Quelle fut la réaction générale des « nuitdeboutistes » par rapport à un travail au long cours de Mariana Otero ? Peut-on parler d’une réaction homogène ? J’imagine que non…
On peut distinguer deux moments. Pendant Nuit Debout proprement dit, beaucoup de gens filmaient alors même qu’il existait une réelle défiance envers les journalistes. Mariana et les gens qui travaillaient avec elle avaient fini par porter un bout de tissu sur lequel était inscrit « je ne suis pas journaliste, nous sommes documentaristes » pour établir la distinction ! Au fil du temps, tout le monde la connaissait, elle filmait très régulièrement là-bas. Puis, quand le film est sorti, il a globalement plu, notamment lors de l’avant-première au cinéma Le Méliès, à Montreuil, en présence de nombre de « nuitdeboutistes ». Il n’est pas perçu comme manichéen, car il ne met pas en scène les moments de lyrisme, comme le fameux concert de la Symphonie du Nouveau Monde de Dvorak donné sur la place, et les charges, parfois très violentes, des CRS. Certains ont pu d’ailleurs reprocher au film ce manque de lyrisme, cette relative absence de l’effervescence qui régnait au quotidien sur la place. D’autres ont trouvé que les actions menées restaient trop souvent hors-champ. Mais je trouve pour ma part que le film est fidèle et montre une grosse partie de ce qu’a été Nuit Debout en termes de réinvention d’outils démocratiques. Ce n’est pas un « feel good movie » sur Nuit Debout ; on voit l’importance du travail de la parole et la manière dont les outils mis en place peuvent être utilisés ailleurs. Beaucoup de gens de la France Insoumise ont par exemple utilisé le film comme un outil pédagogique.

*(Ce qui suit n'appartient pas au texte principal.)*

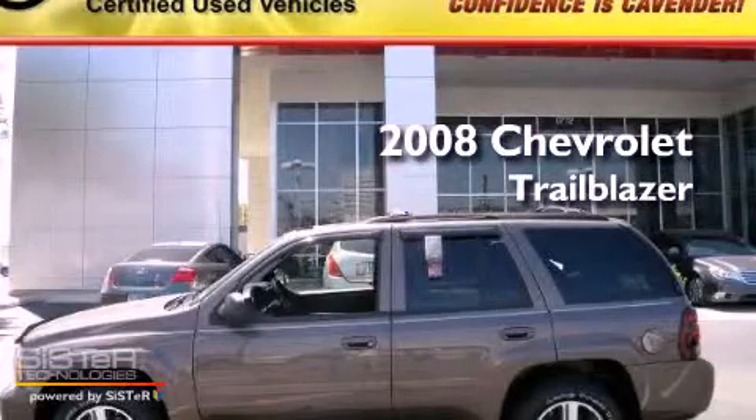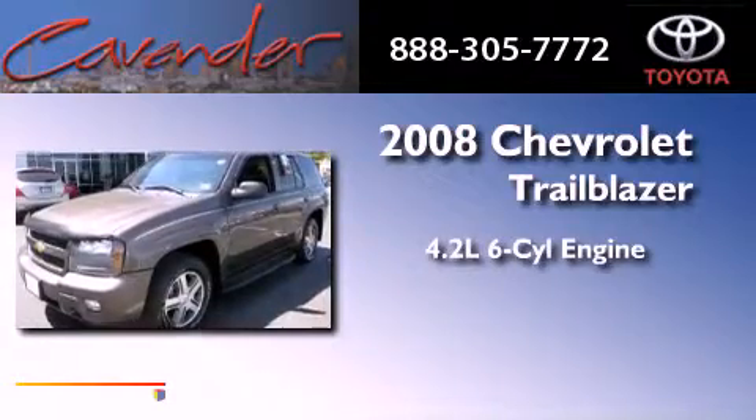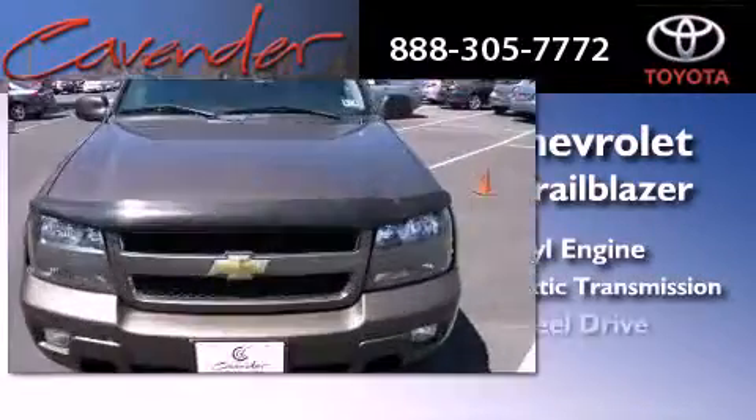This is a 2008 Chevrolet Trailblazer. It features a 4.2 liter 6-cylinder engine, a 4-speed automatic transmission, and 4-wheel drive.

Quelle a été votre première réaction en voyant le documentaire ?
J’ai eu l’impression de le voir trop tôt. Je pensais avoir digéré la fin de Nuit Debout, mais en fait non ! Je me suis dit : « Mon Dieu, j’avais oublié tout ça !« . J’étais très émue. Ce fut difficile de faire le deuil d’une expérience comme celle-là. Ce n’est pas tous les jours que l’on vit des moments d’allégresse intense… Je me rappelais que l’on dormait peu, que l’on se lavait peu… Et pourtant, Mariana arrive dans le film à rendre les gens beaux, par leur engagement. Les hommes politiques aujourd’hui n’utilisent pas ou peu leur corps quand ils parlent : ici, c’était sublime de voir que la pensée investissait le corps, parmi ceux qui prenaient la parole sur la place.
En tant que participante à Nuit Debout puis au film L’Assemblée, comment percevez-vous le réel mis à l’épreuve du cinéma ? Au-delà de la fidélité évidente que l’on ressent, comment transforme-t-on l’énergie d’un mouvement spontané en matière cinématographique ?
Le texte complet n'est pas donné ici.